BEGIN Working data
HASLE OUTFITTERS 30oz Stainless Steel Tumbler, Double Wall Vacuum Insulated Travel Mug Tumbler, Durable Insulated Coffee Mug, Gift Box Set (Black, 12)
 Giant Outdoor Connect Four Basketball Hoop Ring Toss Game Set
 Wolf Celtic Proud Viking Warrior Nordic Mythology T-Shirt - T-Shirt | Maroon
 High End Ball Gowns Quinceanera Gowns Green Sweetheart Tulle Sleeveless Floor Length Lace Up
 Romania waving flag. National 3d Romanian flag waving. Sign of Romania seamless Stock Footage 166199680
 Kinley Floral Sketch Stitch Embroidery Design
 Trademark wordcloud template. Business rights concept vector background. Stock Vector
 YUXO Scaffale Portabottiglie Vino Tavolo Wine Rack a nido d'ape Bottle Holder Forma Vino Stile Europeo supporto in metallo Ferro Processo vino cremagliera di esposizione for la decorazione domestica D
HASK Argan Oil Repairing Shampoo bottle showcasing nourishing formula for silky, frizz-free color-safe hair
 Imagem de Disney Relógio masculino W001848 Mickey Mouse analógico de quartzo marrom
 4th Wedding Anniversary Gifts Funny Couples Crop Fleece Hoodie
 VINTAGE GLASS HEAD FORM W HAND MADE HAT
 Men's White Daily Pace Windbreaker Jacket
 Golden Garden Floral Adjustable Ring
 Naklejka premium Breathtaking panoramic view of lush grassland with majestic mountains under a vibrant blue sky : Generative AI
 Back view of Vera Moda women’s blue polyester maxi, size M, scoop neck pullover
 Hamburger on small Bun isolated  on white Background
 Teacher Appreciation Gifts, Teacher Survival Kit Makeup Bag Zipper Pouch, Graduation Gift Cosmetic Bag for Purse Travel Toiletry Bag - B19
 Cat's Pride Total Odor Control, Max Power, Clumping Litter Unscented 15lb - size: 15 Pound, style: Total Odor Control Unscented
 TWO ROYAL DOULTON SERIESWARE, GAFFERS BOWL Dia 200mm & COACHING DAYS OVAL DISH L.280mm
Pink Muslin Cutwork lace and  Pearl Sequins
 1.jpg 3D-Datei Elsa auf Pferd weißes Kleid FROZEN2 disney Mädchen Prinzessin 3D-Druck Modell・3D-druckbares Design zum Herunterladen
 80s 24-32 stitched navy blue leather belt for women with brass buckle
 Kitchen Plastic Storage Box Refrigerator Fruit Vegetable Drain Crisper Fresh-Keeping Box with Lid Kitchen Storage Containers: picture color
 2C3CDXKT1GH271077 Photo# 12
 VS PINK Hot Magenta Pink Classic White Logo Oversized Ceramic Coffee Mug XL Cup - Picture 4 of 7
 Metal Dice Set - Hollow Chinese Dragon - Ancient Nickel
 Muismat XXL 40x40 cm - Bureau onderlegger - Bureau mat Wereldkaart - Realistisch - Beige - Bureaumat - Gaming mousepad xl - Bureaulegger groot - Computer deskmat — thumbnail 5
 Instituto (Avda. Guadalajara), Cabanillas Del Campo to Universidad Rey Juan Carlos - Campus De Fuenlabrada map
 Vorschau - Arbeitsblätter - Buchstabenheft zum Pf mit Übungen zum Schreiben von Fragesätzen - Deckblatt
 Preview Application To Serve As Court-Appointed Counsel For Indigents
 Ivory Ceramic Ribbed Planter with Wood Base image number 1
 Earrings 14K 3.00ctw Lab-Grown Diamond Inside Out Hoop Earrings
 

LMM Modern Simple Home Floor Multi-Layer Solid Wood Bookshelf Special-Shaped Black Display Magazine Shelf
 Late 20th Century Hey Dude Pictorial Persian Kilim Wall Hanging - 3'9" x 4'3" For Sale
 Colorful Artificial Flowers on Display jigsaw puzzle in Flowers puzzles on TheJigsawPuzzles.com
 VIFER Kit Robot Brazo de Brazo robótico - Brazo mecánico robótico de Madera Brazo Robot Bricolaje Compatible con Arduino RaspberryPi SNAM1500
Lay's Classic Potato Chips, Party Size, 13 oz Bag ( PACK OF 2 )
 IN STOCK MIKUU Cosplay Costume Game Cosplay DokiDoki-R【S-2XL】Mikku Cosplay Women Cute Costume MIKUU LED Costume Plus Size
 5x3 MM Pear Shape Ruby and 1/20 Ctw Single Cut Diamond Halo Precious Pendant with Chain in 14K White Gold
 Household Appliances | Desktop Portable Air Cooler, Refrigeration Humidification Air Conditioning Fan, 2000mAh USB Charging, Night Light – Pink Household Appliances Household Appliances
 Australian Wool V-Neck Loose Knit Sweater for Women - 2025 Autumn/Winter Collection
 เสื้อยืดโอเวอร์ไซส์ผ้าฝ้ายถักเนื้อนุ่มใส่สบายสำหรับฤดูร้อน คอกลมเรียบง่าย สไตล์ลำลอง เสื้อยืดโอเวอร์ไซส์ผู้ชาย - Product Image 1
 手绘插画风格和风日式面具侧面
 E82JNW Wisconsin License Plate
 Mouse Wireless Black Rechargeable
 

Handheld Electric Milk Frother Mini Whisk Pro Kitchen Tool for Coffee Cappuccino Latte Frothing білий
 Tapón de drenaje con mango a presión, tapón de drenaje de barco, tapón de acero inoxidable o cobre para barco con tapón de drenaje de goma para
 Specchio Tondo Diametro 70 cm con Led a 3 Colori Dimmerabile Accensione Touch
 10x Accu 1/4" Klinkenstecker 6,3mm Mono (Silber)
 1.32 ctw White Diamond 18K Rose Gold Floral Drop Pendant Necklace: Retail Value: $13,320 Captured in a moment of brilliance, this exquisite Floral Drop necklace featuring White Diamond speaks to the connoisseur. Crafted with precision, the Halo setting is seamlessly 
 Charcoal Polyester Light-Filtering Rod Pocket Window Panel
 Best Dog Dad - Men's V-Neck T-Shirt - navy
END Working data
## Your goal:
All of the records above need to be copied exactly.

## Worked solution:
HASLE OUTFITTERS 30oz Stainless Steel Tumbler, Double Wall Vacuum Insulated Travel Mug Tumbler, Durable Insulated Coffee Mug, Gift Box Set (Black, 12)
 Giant Outdoor Connect Four Basketball Hoop Ring Toss Game Set
 Wolf Celtic Proud Viking Warrior Nordic Mythology T-Shirt - T-Shirt | Maroon
 High End Ball Gowns Quinceanera Gowns Green Sweetheart Tulle Sleeveless Floor Length Lace Up
 Romania waving flag. National 3d Romanian flag waving. Sign of Romania seamless Stock Footage 166199680
 Kinley Floral Sketch Stitch Embroidery Design
 Trademark wordcloud template. Business rights concept vector background. Stock Vector
 YUXO Scaffale Portabottiglie Vino Tavolo Wine Rack a nido d'ape Bottle Holder Forma Vino Stile Europeo supporto in metallo Ferro Processo vino cremagliera di esposizione for la decorazione domestica D
HASK Argan Oil Repairing Shampoo bottle showcasing nourishing formula for silky, frizz-free color-safe hair
 Imagem de Disney Relógio masculino W001848 Mickey Mouse analógico de quartzo marrom
 4th Wedding Anniversary Gifts Funny Couples Crop Fleece Hoodie
 VINTAGE GLASS HEAD FORM W HAND MADE HAT
 Men's White Daily Pace Windbreaker Jacket
 Golden Garden Floral Adjustable Ring
 Naklejka premium Breathtaking panoramic view of lush grassland with majestic mountains under a vibrant blue sky : Generative AI
 Back view of Vera Moda women’s blue polyester maxi, size M, scoop neck pullover
 Hamburger on small Bun isolated  on white Background
 Teacher Appreciation Gifts, Teacher Survival Kit Makeup Bag Zipper Pouch, Graduation Gift Cosmetic Bag for Purse Travel Toiletry Bag - B19
 Cat's Pride Total Odor Control, Max Power, Clumping Litter Unscented 15lb - size: 15 Pound, style: Total Odor Control Unscented
 TWO ROYAL DOULTON SERIESWARE, GAFFERS BOWL Dia 200mm & COACHING DAYS OVAL DISH L.280mm
Pink Muslin Cutwork lace and  Pearl Sequins
 1.jpg 3D-Datei Elsa auf Pferd weißes Kleid FROZEN2 disney Mädchen Prinzessin 3D-Druck Modell・3D-druckbares Design zum Herunterladen
 80s 24-32 stitched navy blue leather belt for women with brass buckle
 Kitchen Plastic Storage Box Refrigerator Fruit Vegetable Drain Crisper Fresh-Keeping Box with Lid Kitchen Storage Containers: picture color
 2C3CDXKT1GH271077 Photo# 12
 VS PINK Hot Magenta Pink Classic White Logo Oversized Ceramic Coffee Mug XL Cup - Picture 4 of 7
 Metal Dice Set - Hollow Chinese Dragon - Ancient Nickel
 Muismat XXL 40x40 cm - Bureau onderlegger - Bureau mat Wereldkaart - Realistisch - Beige - Bureaumat - Gaming mousepad xl - Bureaulegger groot - Computer deskmat — thumbnail 5
 Instituto (Avda. Guadalajara), Cabanillas Del Campo to Universidad Rey Juan Carlos - Campus De Fuenlabrada map
 Vorschau - Arbeitsblätter - Buchstabenheft zum Pf mit Übungen zum Schreiben von Fragesätzen - Deckblatt
 Preview Application To Serve As Court-Appointed Counsel For Indigents
 Ivory Ceramic Ribbed Planter with Wood Base image number 1
 Earrings 14K 3.00ctw Lab-Grown Diamond Inside Out Hoop Earrings
 

LMM Modern Simple Home Floor Multi-Layer Solid Wood Bookshelf Special-Shaped Black Display Magazine Shelf
 Late 20th Century Hey Dude Pictorial Persian Kilim Wall Hanging - 3'9" x 4'3" For Sale
 Colorful Artificial Flowers on Display jigsaw puzzle in Flowers puzzles on TheJigsawPuzzles.com
 VIFER Kit Robot Brazo de Brazo robótico - Brazo mecánico robótico de Madera Brazo Robot Bricolaje Compatible con Arduino RaspberryPi SNAM1500
Lay's Classic Potato Chips, Party Size, 13 oz Bag ( PACK OF 2 )
 IN STOCK MIKUU Cosplay Costume Game Cosplay DokiDoki-R【S-2XL】Mikku Cosplay Women Cute Costume MIKUU LED Costume Plus Size
 5x3 MM Pear Shape Ruby and 1/20 Ctw Single Cut Diamond Halo Precious Pendant with Chain in 14K White Gold
 Household Appliances | Desktop Portable Air Cooler, Refrigeration Humidification Air Conditioning Fan, 2000mAh USB Charging, Night Light – Pink Household Appliances Household Appliances
 Australian Wool V-Neck Loose Knit Sweater for Women - 2025 Autumn/Winter Collection
 เสื้อยืดโอเวอร์ไซส์ผ้าฝ้ายถักเนื้อนุ่มใส่สบายสำหรับฤดูร้อน คอกลมเรียบง่าย สไตล์ลำลอง เสื้อยืดโอเวอร์ไซส์ผู้ชาย - Product Image 1
 手绘插画风格和风日式面具侧面
 E82JNW Wisconsin License Plate
 Mouse Wireless Black Rechargeable
 

Handheld Electric Milk Frother Mini Whisk Pro Kitchen Tool for Coffee Cappuccino Latte Frothing білий
 Tapón de drenaje con mango a presión, tapón de drenaje de barco, tapón de acero inoxidable o cobre para barco con tapón de drenaje de goma para
 Specchio Tondo Diametro 70 cm con Led a 3 Colori Dimmerabile Accensione Touch
 10x Accu 1/4" Klinkenstecker 6,3mm Mono (Silber)
 1.32 ctw White Diamond 18K Rose Gold Floral Drop Pendant Necklace: Retail Value: $13,320 Captured in a moment of brilliance, this exquisite Floral Drop necklace featuring White Diamond speaks to the connoisseur. Crafted with precision, the Halo setting is seamlessly 
 Charcoal Polyester Light-Filtering Rod Pocket Window Panel
 Best Dog Dad - Men's V-Neck T-Shirt - navy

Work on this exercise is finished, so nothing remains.